Developers know unit tests fairly well, even more integrative approaches like @SpringBootTest. But many lack a clear design/development/test strategy and stick to their favorite programming language. Acceptance Test Driven Design (ATDD) is a structured approach to design your tests and program outside in, keeping the focus on the larger function blocks instead of individual classes (e.g. test behavior, not classes). This approach may benefit from abstracting the acceptance tests to a non-programming language like cucumber, allowing even non-programmers to write test scenarios which will eventually be executed automatically. This article demonstrates this with a small testcase and a fully functional, little Spring Boot/Java project.

Introduction: Getting Things Done

As a use case, I took David Allens Getting Things Done method (Wikipedia):

Getting Things Done (GTD) is a personal productivity system developed by David Allen and published in a book of the same name. GTD is described as a time management system. Allen states “there is an inverse relationship between things on your mind and those things getting done”.

The GTD method rests on the idea of moving all items of interest, relevant information, issues, tasks and projects out of one’s mind by recording them externally and then breaking them into actionable work items with known time limits. This allows one’s attention to focus on taking action on each task listed in an external record, instead of recalling them intuitively.

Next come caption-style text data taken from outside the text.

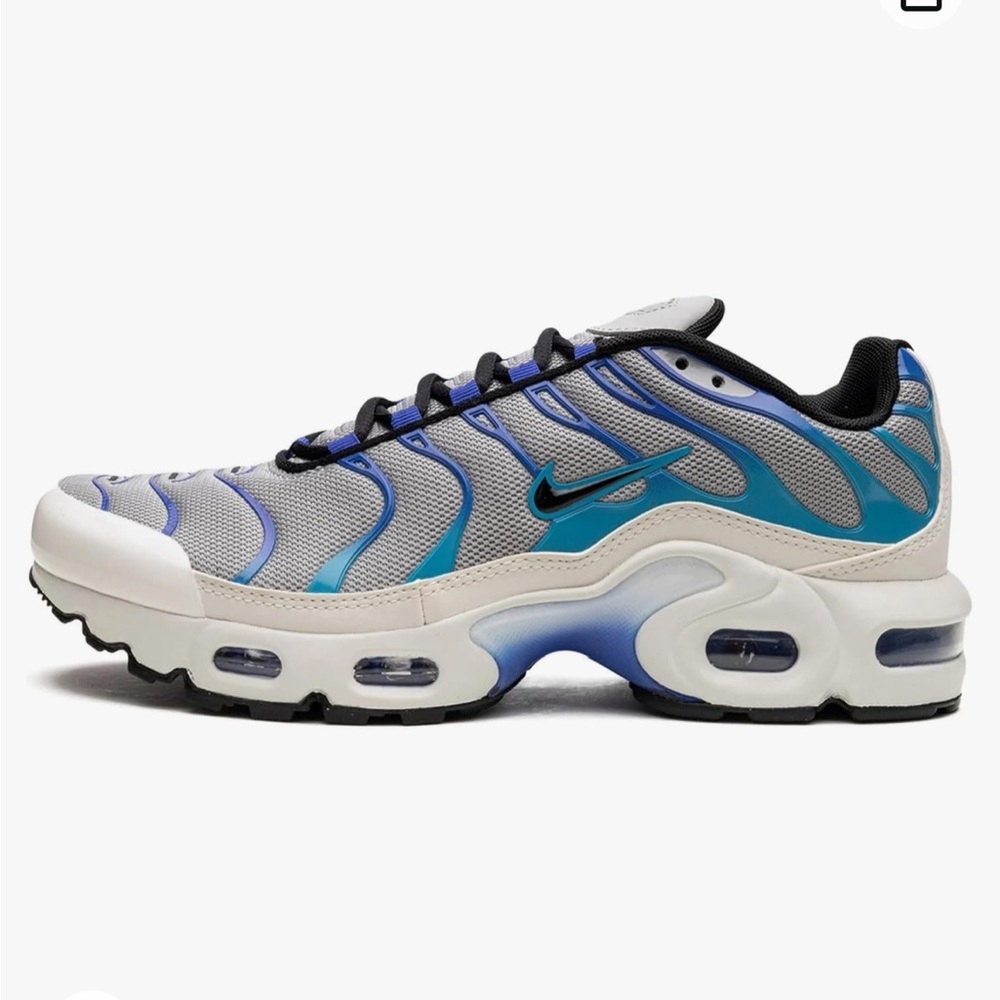 Nike air max plus youth shoes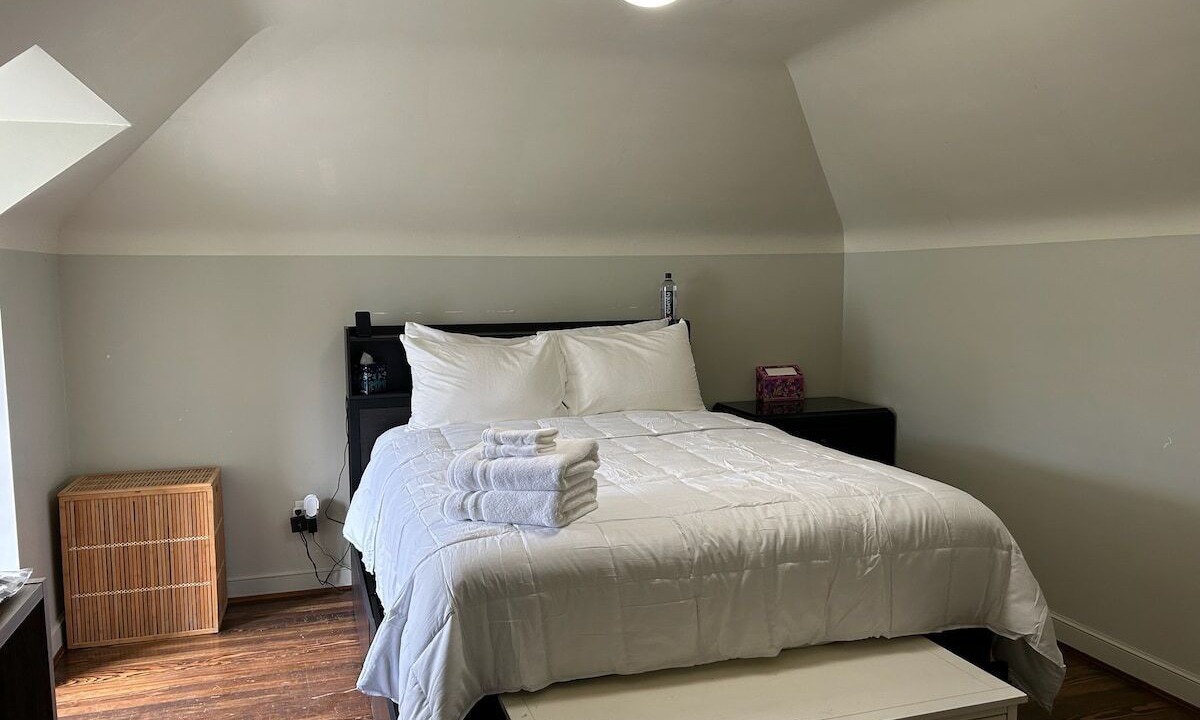 Photo of Bedroom in Beachwood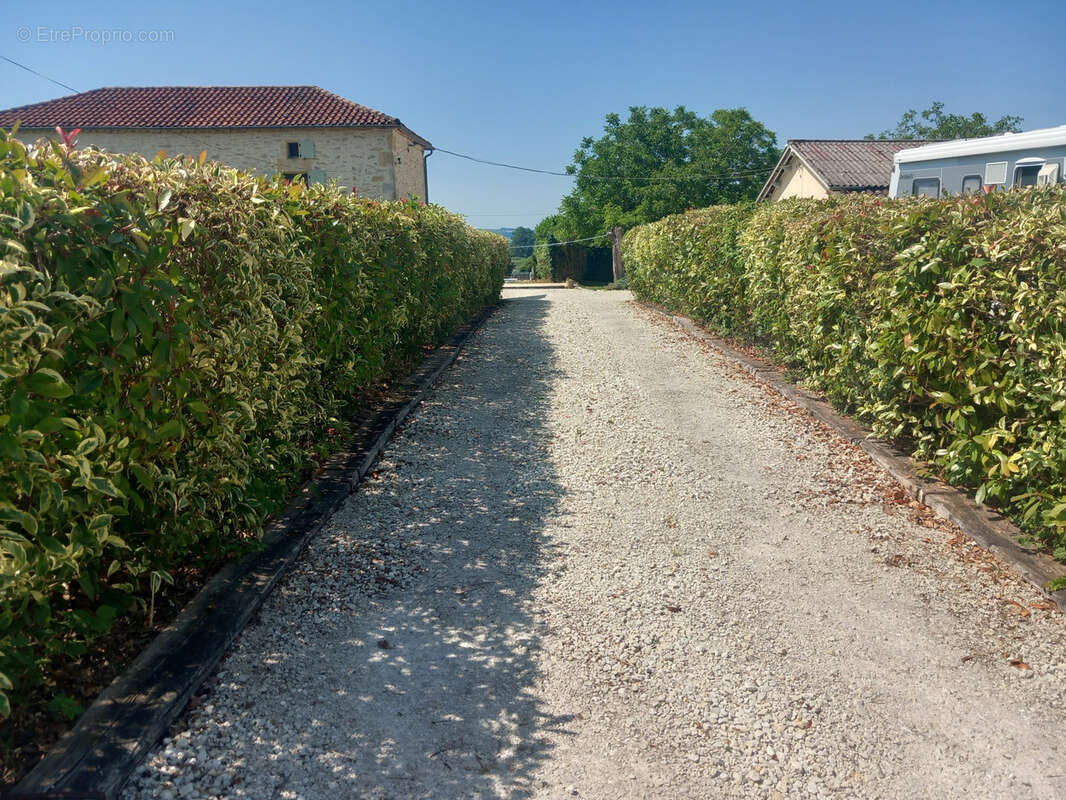 Maison à THEZAC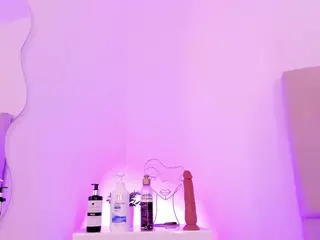 lilikiss's Live Sex Cam Show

First feature: Collect Thoughts

The first, very charming idea of GTD is to get everything that pops into your mind out of it into a safe place where it can be retrieved later for further processing. The idea is to think as little as possible about whatever came into your mind. It might be anything, from an item you need to put onto your grocery store list to an electric car business idea which might make you the second-richest person in the world.

The verbal description of the use-case is: A thought can be collected into your inbox. A thought is just a few words, a little text. At any time, it can be retrieved from the inbox.

Defining acceptance test scenarios

Before even starting on our feature, let’s define the acceptance tests of our feature:

Feature: Capture Stage
  Scenario: Collect Thought
    When Thought "Send Birthday Wishes to Mike" is collected
    Then Inbox contains "Send Birthday Wishes to Mike"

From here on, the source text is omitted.